La cita es todos los jueves. Hoy hay proposiciones nuevas, eso decía el mensaje en el grupo.
La mayoría lleva años en esto y saben lo que arriesgan, a mí a veces me cuesta mantener la apuesta y casi nunca la supero, tengo una vida pública y ni mi mujer ni mis seguidores pueden enterarse.
No puedo pasar sin nuestras reuniones aunque me en ocasiones veo a mi mujer con los niños y me pesa la conciencia. Cada semana, al entrar al piso franco y no es superstición, miro a los dos lados y arriba, en los balcones del edificio mientras empujo la puerta con el codo, no me gusta tocar el tirador.  

Al sentarme en la barra y pedir el mejor whisky empiezan a sudarme las manos y siento el corazón saliendo por la boca, no es fácil librar la mente de todo: familia, trabajo, compromisos insulsos. Esta noche las mujeres son de bandera, algunas profesionales, otras un poco cohibidas por ser la primera vez, pero está bien, me gustan las novedades, hace el juego más excitante, sin remilgos, hemos venido a lo de siempre, es nuestro momento para lo que algunos, mentes estrechas, consideran vicio.

Esta tarde las señoras escogen el juego. Siempre con discreción y en confianza hoy entra personal nuevo, a las mujeres les cuesta más, nosotros arrastramos la fama pero ya sabemos que ellas cuando se lanzan, son auténticas expertas. Entre las piernas siento la presión al ver a la rubia exuberante de al lado, sí, acabaremos como acabaremos y sin sentimientos, pero uno no es de piedra. Decididamente me molesta que la rubia le guiñe el ojo al gordo de delante, a mí me ha despedido con una indiferente cara de póker, probablemente mi estatus no es el mismo y no le parezco una buena pareja para empezar.

Esta noche me arriesgo mucho, confieso que no toco todos los palos y no quiero quedar mal, si no estoy a la altura podrían expulsarme de los encuentros, parte de las reglas: nada de mirones. El ambiente se calienta, las conversaciones banales pronto se quedan sordas. El escote de la rubia se muestra ya sin disimulo y la joven pelirroja que acompaña al gordo hace rato que coquetea con la pajita de su copa mientras me mira y aparenta inocencia. Me quito la chaqueta, para cuando me aflojo la corbata y me desabrocho el primer botón de la camisa, la pelirroja se está mojando los labios haciendo gala de una compleja acrobacia con su lengua.

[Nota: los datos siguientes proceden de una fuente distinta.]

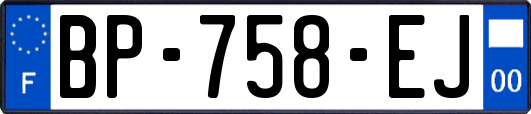 BP-758-EJ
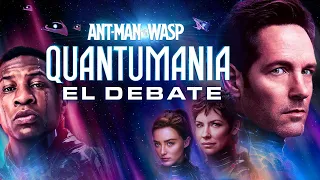 ANT-MAN and THE WASP: QUANTUMANIA | DEBATE con SPOILERS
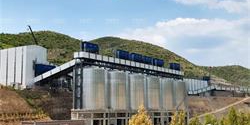 山西驰峰新能源年产300万吨建筑石料及化工用料生产线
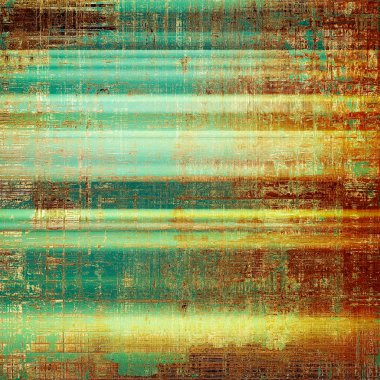 Soyut retro tasarım kompozisyon. Şık grunge arka plan veya doku ile farklı renk desen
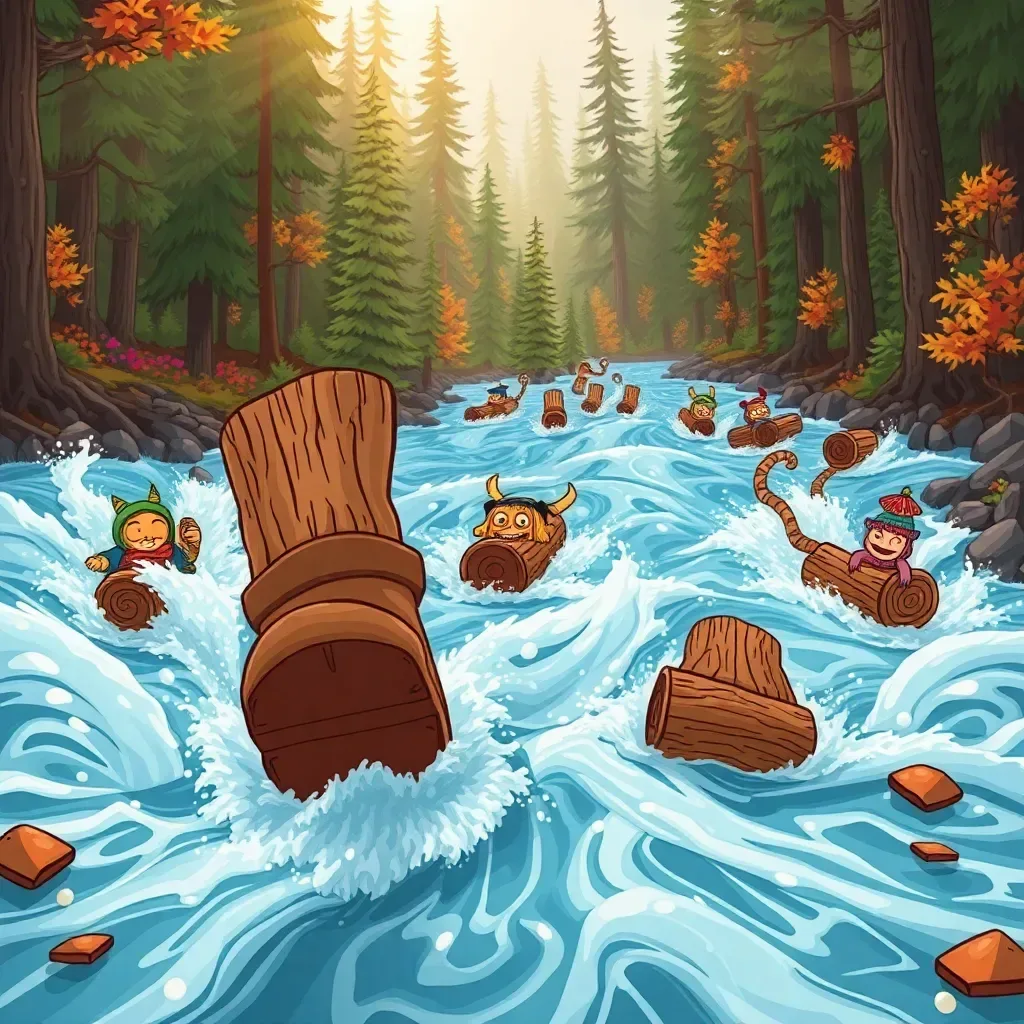 Log Jam Boogie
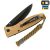 Темляк M-Tac Viper Stainless Сталь Койот 2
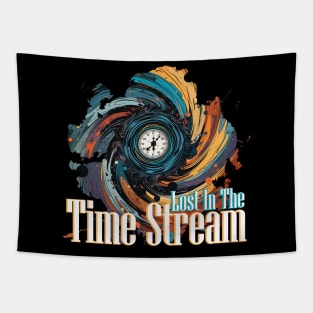 Lost in the Time Stream Tapestry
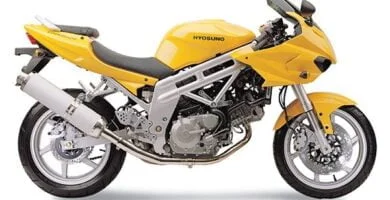 Descargar Manual Moto Hyosung Comet 650S Reparación y Servicio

Hemos repartido suertes, siempre se empieza así, sin trampas ni favoritismos, las tarjetitas y los números mandan, tenemos pareja para los preliminares pero el juego fuerte, dicen las señoras que promete excitación y risas, será después en un “todos con todos”. Uno de ellos, musculado y con aspecto aniñado me mira con interés levantando la ceja con una sonrisa perversa, no me gusta compartir diversión ni equipo con él, le he visto en acción: una vez empieza, llega hasta el final y tanto le da hombre o mujer, es de los dominantes.

Se acaba de descubrir el juego en grupo, no me gusta, no sé si podré disimular mucho más, hasta ahora mantenía el tipo pero no sé si podré aguantar y se notará. No hay nada más humillante para un hombre: si no la mantengo bien alta y firme se verá el farol y la mano bajada dejará al descubierto que no sé jugar al Remigio.